TASK TO COMPLETE. Starting at the line that contains "2026年五一劳动节出生的女孩八字缺火婉约洋气的名字", write out every line through the end of the records below exactly as it appears, and leave out all pictures.

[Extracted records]
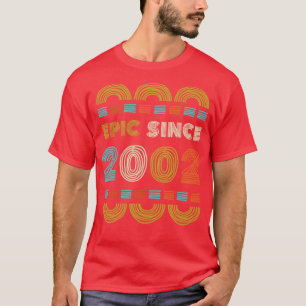 Epic Since 2002 Birthday Gift Family BbayGift T-Shirt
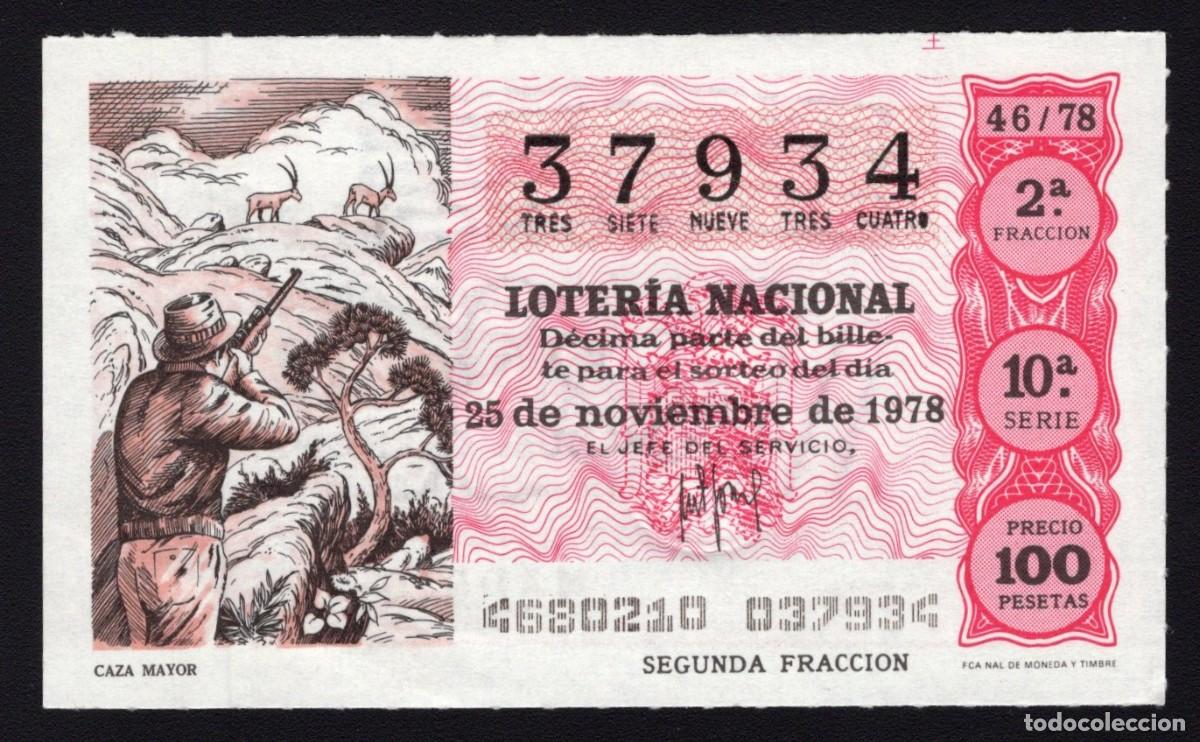 Lotaria Nacional: L. Nacional 25 Noviembre 1978. Caza Mayor. n&ordm; 37934. Admon n&ordm; 12 Conchita. Madrid. Desaparecida.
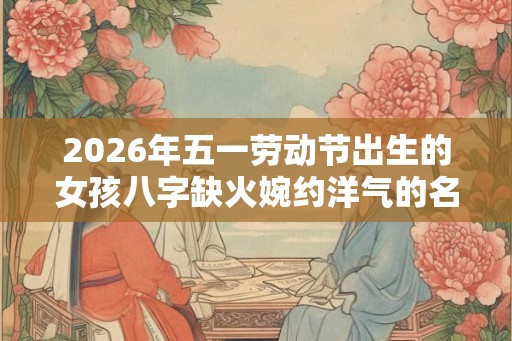 2026年五一劳动节出生的女孩八字缺火婉约洋气的名字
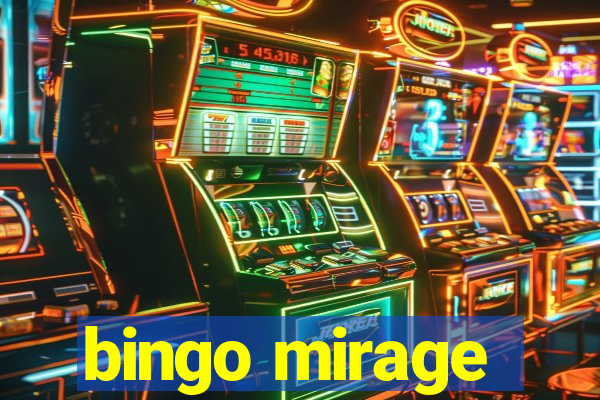 bingo mirage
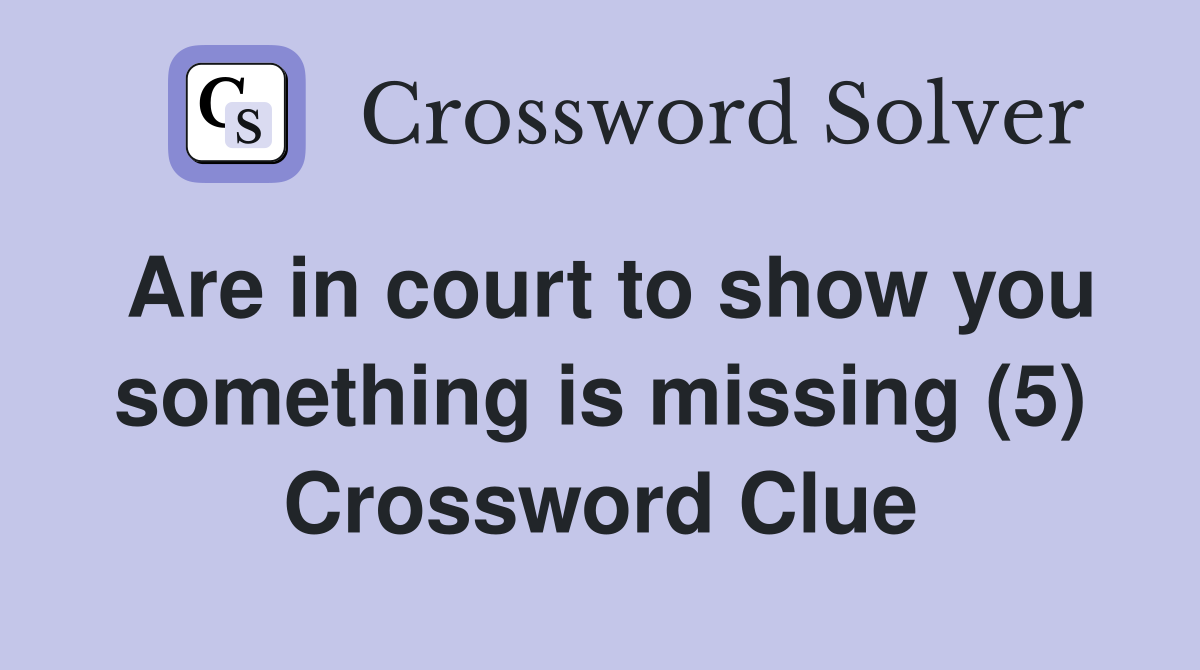Are in court to show you something is missing (5) Crossword Clue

ANSWER TO THIS EXERCISE.
 2026年五一劳动节出生的女孩八字缺火婉约洋气的名字
 bingo mirage
Are in court to show you something is missing (5) Crossword Clue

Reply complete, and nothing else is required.